YOUR INSTRUCTIONS: Copy, pictures aside: the lines below from the one that holds "Pikowana czarna kamizelka damska" through the final line of the listing, both ends included, exactly as they are and nothing else.

COLLECTED MATERIAL:
+--

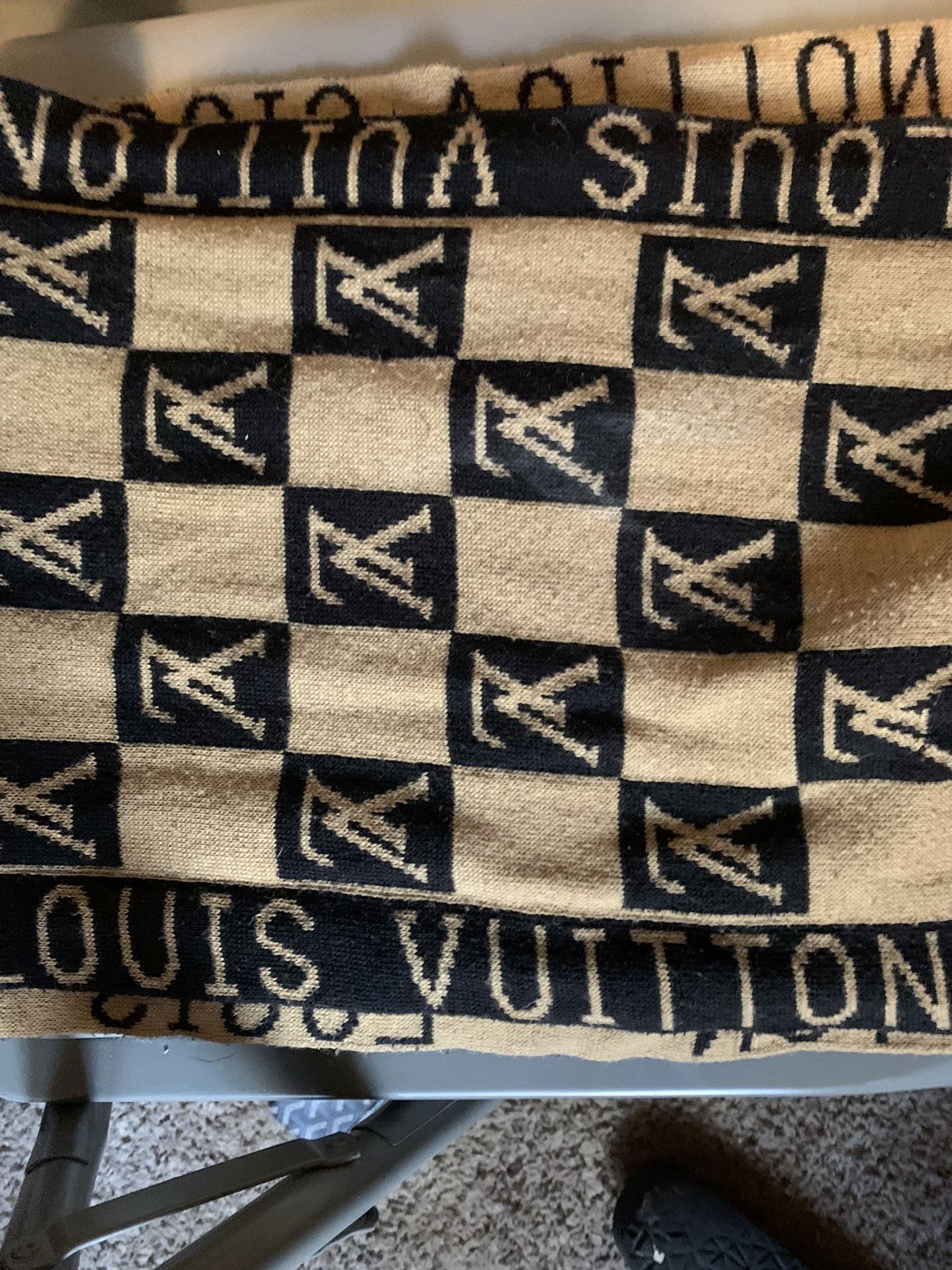 LOUIS VUITTON SCARF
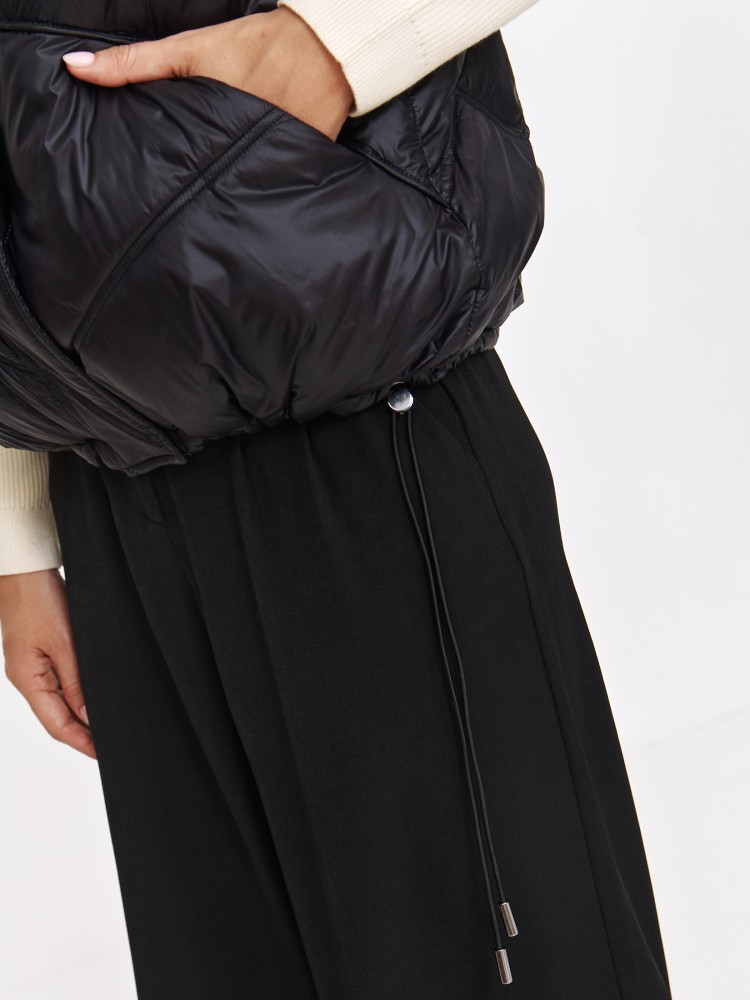 Pikowana czarna kamizelka damska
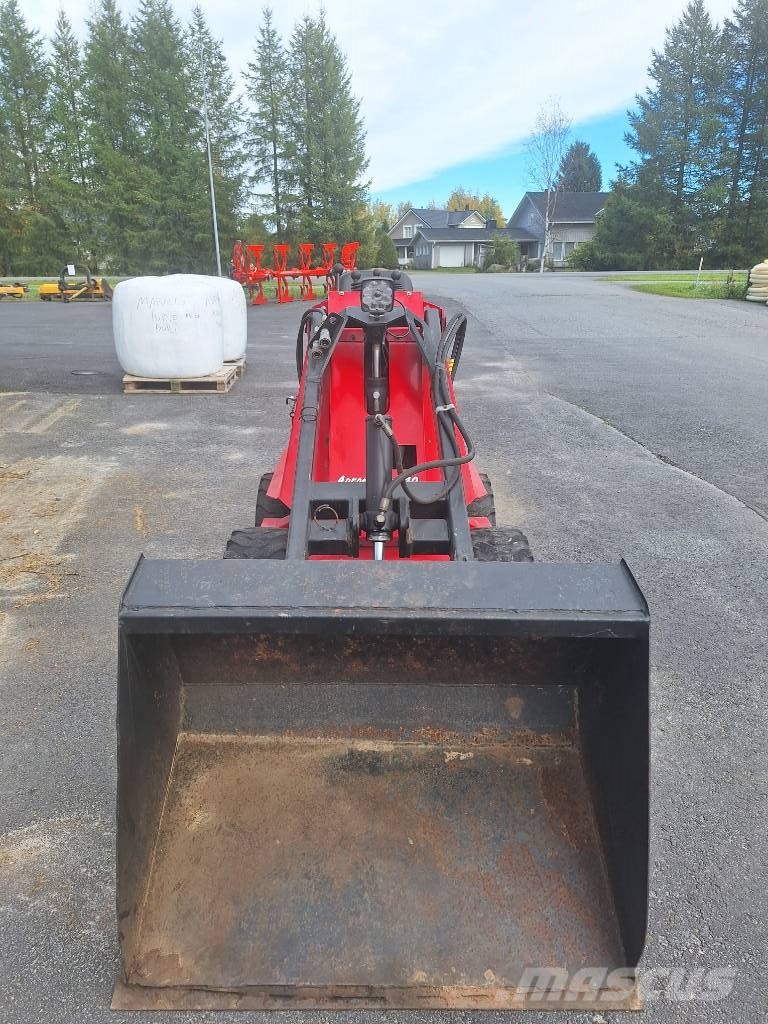 Agromatic 744 Liukuohjatut kuormaajat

+--

RESPONSE:
 Pikowana czarna kamizelka damska
 Agromatic 744 Liukuohjatut kuormaajat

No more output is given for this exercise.